Beam version: 2.68.0


1) Make a local csv for sales

In [None]:
sales_path = "/content/sales.csv"

rows = [
    # order_id,    ts (ISO),        store, product,     category, qty, unit_price, payment_method, city
    ("o-0001","2025-01-01T00:00:00","SFO","Coffee Beans","Grocery", 1, 18.00,"card","San Francisco"),
    ("o-0002","2025-01-01T00:00:03","SFO","Mug","Houseware",         2, 12.50,"cash","San Francisco"),
    ("o-0003","2025-01-01T00:00:07","LA", "T-shirt","Apparel",        1, 25.00,"card","Los Angeles"),
    ("o-0004","2025-01-01T00:00:12","LA", "Notebook","Stationery",    4, 4.00,"card","Los Angeles"),
    ("o-0005","2025-01-01T00:00:14","NYC","Headphones","Electronics", 1, 79.00,"card","New York"),
    ("o-0006","2025-01-01T00:00:18","SFO","Chocolate","Grocery",      3, 3.50,"cash","San Francisco"),
    ("o-0007","2025-01-01T00:00:21","NYC","Sweater","Apparel",        1, 55.00,"card","New York"),
    ("o-0008","2025-01-01T00:00:27","LA", "Water Bottle","Houseware", 2, 15.00,"card","Los Angeles"),
    ("o-0009","2025-01-01T00:00:32","SFO","Backpack","Apparel",       1, 49.00,"card","San Francisco"),
    ("o-0010","2025-01-01T00:00:38","NYC","Laptop Stand","Electronics",1, 32.00,"cash","New York"),
]

with open(sales_path, "w", newline="") as f:
    w = csv.writer(f)
    w.writerow(["order_id","ts","store","product","category","qty","unit_price","payment_method","city"])
    w.writerows(rows)

print("Wrote", sales_path)


Wrote /content/sales.csv


2) ParDo to parse CSV → dicts, then Map & Filter

In [None]:
class ParseSale(beam.DoFn):
    def process(self, line: str):
        # skip header line
        if line.startswith("order_id,"):
            return
        r = list(csv.reader([line]))[0]
        order = {
            "order_id": r[0],
            "ts": r[1],  # ISO8601 string
            "store": r[2],
            "product": r[3],
            "category": r[4],
            "qty": int(r[5]),
            "unit_price": float(r[6]),
            "payment_method": r[7],
            "city": r[8],
        }
        yield order

with beam.Pipeline(options=PipelineOptions()) as p:
    sales = (p
             | "ReadCSV" >> beam.io.ReadFromText(sales_path)
             | "ParseRows(ParDo)" >> beam.ParDo(ParseSale()))

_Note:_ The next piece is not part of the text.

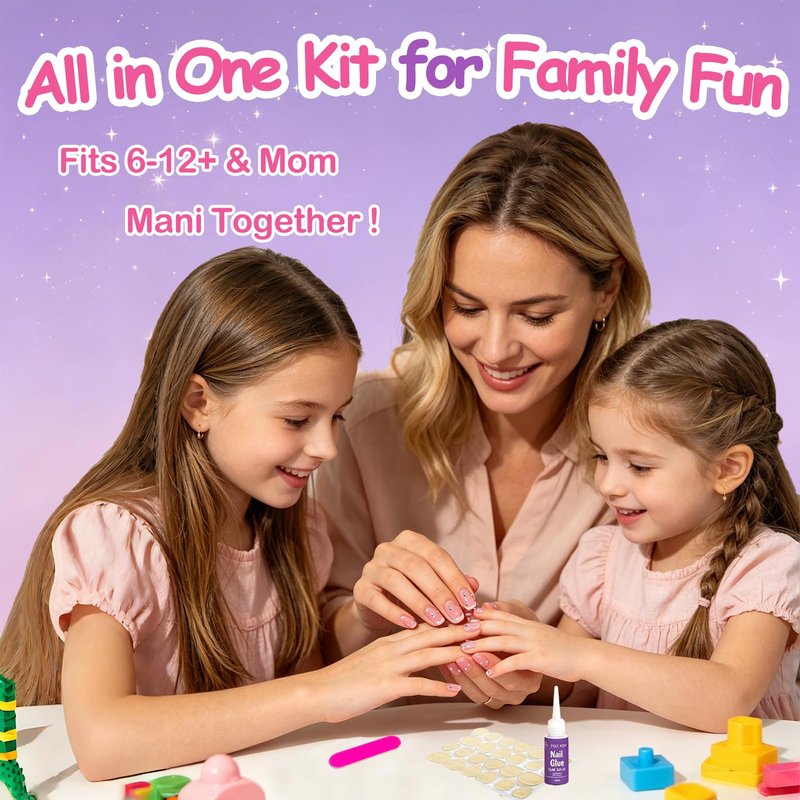 Kids Press on Nails, 24pcs French Tip Press on Nails for Kids 6-12 with 3D Hibiscus, Non-Toxic Nail Kit with Nail Glue, Adhesive Tabs, Fake Nails Gift for Girls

    # Map: compute revenue
    sales_with_revenue = sales | "AddRevenue(Map)" >> beam.Map(
        lambda s: {**s, "revenue": s["qty"] * s["unit_price"]}
    )

    # Filter: high-value orders (revenue > $50)
    high_value = sales_with_revenue | "HighValue(Filter)" >> beam.Filter(lambda s: s["revenue"] > 50.0)

    _ = sales_with_revenue | "PrintAll" >> beam.Map(lambda s: print("SALE:", s))
    _ = high_value           | "PrintHigh" >> beam.Map(lambda s: print("HIGH:", s))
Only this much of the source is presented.